Hope this makes things a bit clearer! :U

Title: Re: Pointers, etc
Post by: OceanJeff32 on September 23, 2005, 11:47:28 PM

Question:

so if you've got a variable (array) declared like this:

blocks dd 40, 50, 20, 20, 90, 100, 20, 20

then later in code you access the first element by pointing an index register or general register to the beginning like this: (?)

lea eax, blocks

or

mov edi, blocks

or does it have to be lea...

THEN once you've pointed it there, you access the variable by doing this:

mov firstelement, [eax]

or

mov firstelement, [edi]

AND you can reference further elements within the array by adding offsets in the []s

mov otherelements, [eax + sizeofelement * (2,4,8...)]

optionally using the DWORD or WORD PTR or BYTE PTR...

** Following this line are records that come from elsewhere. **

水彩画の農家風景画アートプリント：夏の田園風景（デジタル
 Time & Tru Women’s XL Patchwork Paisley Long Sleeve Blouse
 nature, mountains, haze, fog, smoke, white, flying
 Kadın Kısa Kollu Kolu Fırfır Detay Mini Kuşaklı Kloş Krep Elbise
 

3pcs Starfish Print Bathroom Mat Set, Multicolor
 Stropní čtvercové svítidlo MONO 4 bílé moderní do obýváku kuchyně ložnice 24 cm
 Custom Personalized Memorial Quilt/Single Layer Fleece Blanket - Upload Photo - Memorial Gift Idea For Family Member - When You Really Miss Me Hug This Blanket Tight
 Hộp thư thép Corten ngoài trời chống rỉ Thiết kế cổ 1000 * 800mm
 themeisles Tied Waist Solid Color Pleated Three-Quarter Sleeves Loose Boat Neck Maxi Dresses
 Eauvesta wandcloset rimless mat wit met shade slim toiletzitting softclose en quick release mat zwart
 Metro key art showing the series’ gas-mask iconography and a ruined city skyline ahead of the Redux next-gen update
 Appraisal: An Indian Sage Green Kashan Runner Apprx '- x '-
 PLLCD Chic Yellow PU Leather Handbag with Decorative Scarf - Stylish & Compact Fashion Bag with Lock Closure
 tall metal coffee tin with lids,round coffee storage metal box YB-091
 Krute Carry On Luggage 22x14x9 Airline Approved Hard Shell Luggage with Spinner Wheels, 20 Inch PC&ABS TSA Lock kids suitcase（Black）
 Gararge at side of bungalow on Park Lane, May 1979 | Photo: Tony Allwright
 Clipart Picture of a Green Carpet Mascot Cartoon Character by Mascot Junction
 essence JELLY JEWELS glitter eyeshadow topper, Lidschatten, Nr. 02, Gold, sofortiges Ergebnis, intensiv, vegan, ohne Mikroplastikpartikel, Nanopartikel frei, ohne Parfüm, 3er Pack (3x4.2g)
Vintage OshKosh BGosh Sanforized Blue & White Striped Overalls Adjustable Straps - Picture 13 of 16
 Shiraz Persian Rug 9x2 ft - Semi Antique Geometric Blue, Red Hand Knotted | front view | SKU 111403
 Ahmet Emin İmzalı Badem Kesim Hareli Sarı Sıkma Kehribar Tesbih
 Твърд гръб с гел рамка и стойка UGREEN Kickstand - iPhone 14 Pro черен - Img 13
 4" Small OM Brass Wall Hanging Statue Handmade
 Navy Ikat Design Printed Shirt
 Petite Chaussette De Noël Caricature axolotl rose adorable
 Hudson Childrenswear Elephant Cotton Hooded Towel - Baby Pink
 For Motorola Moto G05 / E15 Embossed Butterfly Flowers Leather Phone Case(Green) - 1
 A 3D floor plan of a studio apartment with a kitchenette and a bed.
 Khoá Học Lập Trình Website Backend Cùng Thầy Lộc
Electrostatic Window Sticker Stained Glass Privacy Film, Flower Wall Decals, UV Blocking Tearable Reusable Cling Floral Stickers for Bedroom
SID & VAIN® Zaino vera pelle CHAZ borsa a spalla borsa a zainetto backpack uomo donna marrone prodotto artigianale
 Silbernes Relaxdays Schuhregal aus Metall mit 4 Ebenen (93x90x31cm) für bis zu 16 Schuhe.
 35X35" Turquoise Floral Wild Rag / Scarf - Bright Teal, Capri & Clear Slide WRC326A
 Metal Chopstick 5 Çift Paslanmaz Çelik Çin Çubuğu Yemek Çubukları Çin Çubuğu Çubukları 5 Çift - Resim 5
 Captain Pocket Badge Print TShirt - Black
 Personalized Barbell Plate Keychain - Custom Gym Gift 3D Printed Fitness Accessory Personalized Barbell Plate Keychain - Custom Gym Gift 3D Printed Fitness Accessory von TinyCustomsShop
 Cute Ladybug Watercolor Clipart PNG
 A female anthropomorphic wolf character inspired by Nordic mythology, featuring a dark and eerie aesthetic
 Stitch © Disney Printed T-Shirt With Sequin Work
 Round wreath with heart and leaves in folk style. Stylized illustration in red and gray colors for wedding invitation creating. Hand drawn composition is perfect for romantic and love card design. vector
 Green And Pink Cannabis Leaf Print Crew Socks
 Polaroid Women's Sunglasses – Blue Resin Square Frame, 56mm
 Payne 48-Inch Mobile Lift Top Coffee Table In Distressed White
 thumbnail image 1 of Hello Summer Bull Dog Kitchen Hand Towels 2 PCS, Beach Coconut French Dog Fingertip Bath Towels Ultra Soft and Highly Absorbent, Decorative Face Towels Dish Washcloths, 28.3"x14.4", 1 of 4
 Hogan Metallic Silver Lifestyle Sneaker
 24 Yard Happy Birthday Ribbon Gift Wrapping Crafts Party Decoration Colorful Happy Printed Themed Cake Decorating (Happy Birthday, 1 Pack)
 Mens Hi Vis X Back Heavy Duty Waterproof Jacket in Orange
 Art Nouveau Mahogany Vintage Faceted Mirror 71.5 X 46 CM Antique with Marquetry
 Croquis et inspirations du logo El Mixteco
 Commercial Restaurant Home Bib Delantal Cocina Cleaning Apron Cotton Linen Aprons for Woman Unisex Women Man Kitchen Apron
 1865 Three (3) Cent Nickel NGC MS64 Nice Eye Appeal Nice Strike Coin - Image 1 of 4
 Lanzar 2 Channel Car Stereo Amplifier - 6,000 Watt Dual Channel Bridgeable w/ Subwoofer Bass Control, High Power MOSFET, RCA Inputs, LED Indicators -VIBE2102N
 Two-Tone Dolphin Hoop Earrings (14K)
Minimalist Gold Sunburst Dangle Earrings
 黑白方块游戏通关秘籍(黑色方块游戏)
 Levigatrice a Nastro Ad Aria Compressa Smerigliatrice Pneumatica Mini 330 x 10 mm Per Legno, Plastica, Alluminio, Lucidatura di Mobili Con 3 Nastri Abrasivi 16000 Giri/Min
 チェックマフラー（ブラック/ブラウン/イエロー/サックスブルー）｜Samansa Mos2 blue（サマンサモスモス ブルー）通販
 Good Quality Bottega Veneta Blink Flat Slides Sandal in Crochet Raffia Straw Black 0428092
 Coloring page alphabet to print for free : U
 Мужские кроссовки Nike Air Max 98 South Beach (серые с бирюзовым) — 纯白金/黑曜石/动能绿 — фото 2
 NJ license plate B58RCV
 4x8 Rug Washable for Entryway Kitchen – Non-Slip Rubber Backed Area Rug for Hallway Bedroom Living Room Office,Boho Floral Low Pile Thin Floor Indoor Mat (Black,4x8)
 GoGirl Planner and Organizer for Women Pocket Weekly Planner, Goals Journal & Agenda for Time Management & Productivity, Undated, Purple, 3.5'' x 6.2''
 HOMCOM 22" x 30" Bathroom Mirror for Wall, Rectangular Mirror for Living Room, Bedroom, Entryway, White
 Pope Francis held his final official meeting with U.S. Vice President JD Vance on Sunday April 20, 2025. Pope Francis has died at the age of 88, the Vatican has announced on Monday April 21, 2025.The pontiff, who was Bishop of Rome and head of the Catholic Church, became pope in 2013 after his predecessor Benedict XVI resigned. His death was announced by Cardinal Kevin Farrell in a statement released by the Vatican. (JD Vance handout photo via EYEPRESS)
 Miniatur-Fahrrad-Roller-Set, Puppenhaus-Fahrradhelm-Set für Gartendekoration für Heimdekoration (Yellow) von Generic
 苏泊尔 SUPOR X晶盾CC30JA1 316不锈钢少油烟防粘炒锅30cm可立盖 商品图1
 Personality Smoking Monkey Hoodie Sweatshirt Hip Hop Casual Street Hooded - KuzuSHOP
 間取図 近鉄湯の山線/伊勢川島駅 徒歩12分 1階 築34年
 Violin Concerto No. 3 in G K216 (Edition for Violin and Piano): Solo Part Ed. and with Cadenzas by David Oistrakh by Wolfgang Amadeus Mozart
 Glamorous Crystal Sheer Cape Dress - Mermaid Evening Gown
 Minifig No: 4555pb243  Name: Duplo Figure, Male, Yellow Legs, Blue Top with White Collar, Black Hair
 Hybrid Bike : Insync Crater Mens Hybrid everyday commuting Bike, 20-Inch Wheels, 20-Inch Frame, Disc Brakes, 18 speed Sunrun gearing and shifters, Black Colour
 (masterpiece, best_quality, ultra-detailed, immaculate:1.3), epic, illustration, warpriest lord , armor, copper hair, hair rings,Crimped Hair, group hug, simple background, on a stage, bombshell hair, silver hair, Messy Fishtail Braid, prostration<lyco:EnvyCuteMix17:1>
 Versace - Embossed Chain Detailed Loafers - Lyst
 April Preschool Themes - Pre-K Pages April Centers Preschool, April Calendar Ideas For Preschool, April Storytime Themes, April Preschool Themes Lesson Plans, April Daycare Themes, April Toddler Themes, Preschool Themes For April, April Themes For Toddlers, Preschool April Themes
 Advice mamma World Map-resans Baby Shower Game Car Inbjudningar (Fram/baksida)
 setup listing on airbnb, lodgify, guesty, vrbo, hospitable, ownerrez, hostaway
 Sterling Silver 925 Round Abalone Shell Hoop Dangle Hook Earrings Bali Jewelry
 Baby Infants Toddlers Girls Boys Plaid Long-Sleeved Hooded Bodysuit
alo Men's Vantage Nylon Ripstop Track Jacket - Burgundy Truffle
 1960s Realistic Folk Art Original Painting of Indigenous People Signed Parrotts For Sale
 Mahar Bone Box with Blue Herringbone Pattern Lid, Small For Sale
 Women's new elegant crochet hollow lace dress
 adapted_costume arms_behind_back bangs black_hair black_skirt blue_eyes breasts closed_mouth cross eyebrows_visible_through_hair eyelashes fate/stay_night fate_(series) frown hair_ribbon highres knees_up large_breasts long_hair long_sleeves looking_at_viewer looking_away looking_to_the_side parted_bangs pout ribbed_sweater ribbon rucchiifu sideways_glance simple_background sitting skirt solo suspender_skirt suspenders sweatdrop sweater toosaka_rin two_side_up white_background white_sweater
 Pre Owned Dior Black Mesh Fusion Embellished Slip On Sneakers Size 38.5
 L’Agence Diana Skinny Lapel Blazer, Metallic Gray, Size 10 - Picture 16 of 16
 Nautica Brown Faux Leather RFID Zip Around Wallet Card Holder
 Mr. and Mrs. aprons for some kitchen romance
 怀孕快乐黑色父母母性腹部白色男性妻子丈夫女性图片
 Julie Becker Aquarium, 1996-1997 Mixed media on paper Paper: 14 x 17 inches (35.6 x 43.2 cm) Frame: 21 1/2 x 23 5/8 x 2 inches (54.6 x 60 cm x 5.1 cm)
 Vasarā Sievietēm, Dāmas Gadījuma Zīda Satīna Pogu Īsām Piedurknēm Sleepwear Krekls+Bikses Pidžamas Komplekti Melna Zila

am I right? I'm trying this now, so I'll know very shortly, but I have a feeling I may be confused very shortly...

later,

jeff c
:bdg

Title: Re: Pointers, etc
Post by: hutch-- on September 24, 2005, 12:02:48 AM

Hi redskull,

A "pointer" is actually a higher level idea but its easy to do in assembler. What you have is data in memory of whatever type and "where" it is located is its "address". When you want to store that "address" somewhere you place the address in a variable that is alocated somewhere else and that variable "points" to the address.

Now you can get the address in a number of ways depending on where the data is located, if it is in the .DATA or .DATA? section, you use its OFFSET which is determined at assembly time. With data allocated on the stack at runtime such as LOCAL variables, you get the "address" of that LOCAL using LEA or in an "invoke" statement you use ADDR to do the same. You also work with an address when you allocate memory dynamically you copy the return value to a variable which is the pointer to that memory.

Title: This Thread Should Be an FAQ
Post by: Trope on September 24, 2005, 01:07:48 AM

As a newbie myself, I struggled with this also.

This thread is absolutely PERFECT. The replies from QvasiModo, OceanJeff32, and Hutch are , as far as I am concerned, Textbook.

If I had seen this thread back in the day, it would have saved me many Google hours of reading up on C pointers ( which I know now is related, but at the time did not ).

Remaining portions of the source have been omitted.